Transcribe the full listing without changing a word, and omit its pictures.
*** Opening of Provided material ***
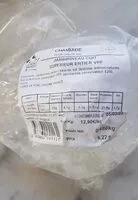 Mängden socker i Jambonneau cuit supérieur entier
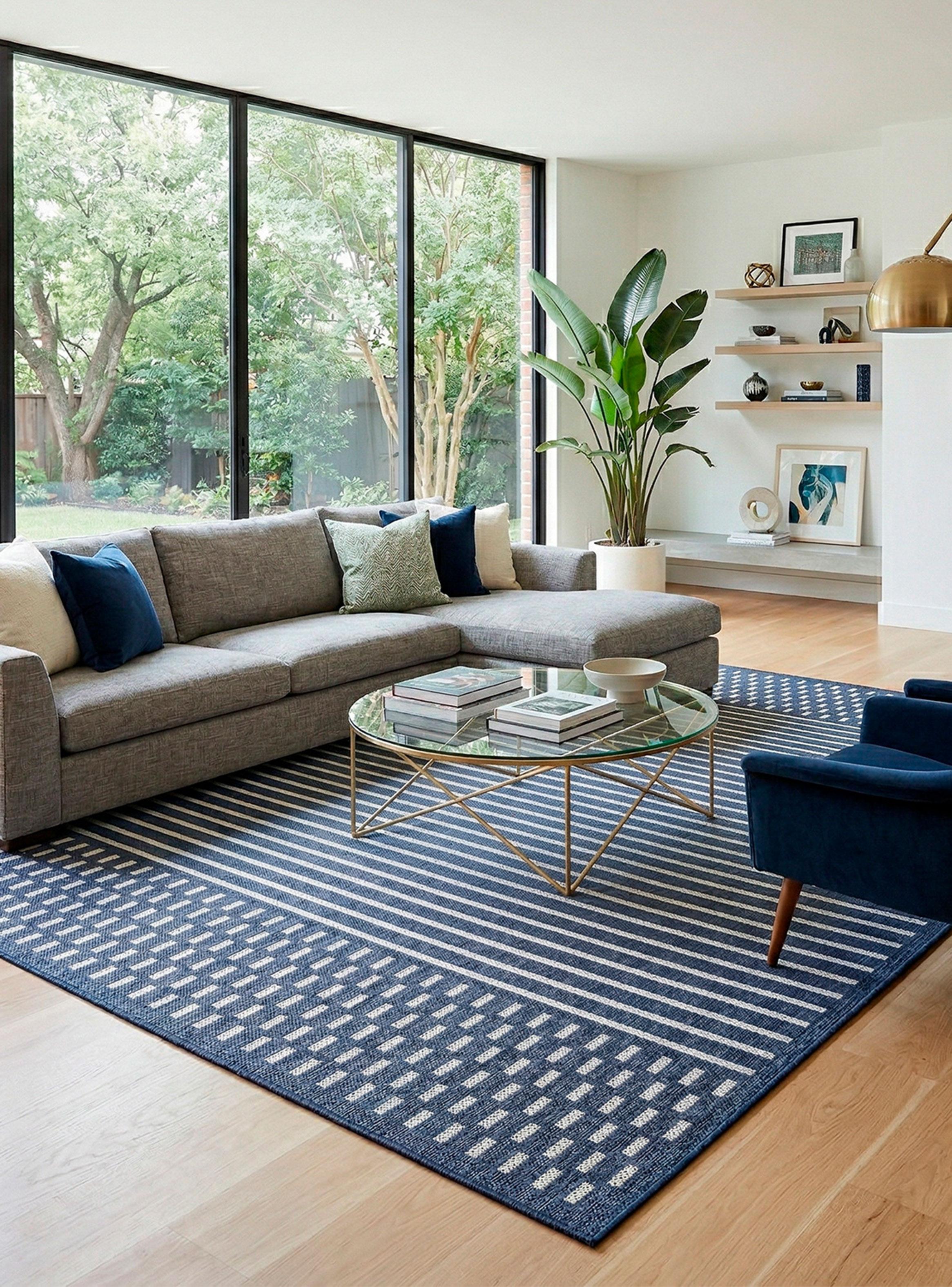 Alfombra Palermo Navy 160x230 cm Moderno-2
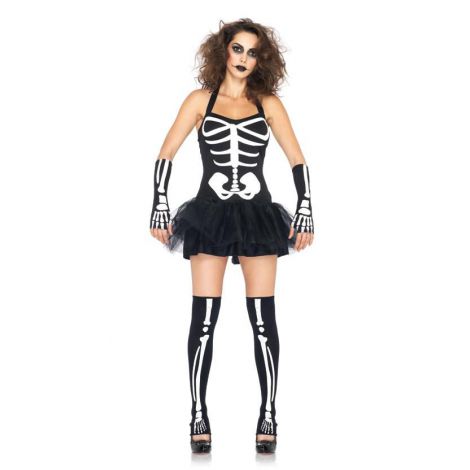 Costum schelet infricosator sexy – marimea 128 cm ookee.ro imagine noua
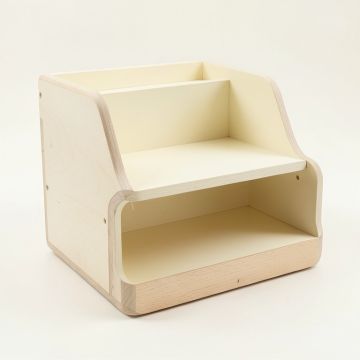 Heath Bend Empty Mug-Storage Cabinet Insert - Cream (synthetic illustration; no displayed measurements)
*** Close of Provided material ***
▸ **Task solution**:
 Mängden socker i Jambonneau cuit supérieur entier
 Alfombra Palermo Navy 160x230 cm Moderno-2
 Costum schelet infricosator sexy – marimea 128 cm ookee.ro imagine noua
 Heath Bend Empty Mug-Storage Cabinet Insert - Cream (synthetic illustration; no displayed measurements)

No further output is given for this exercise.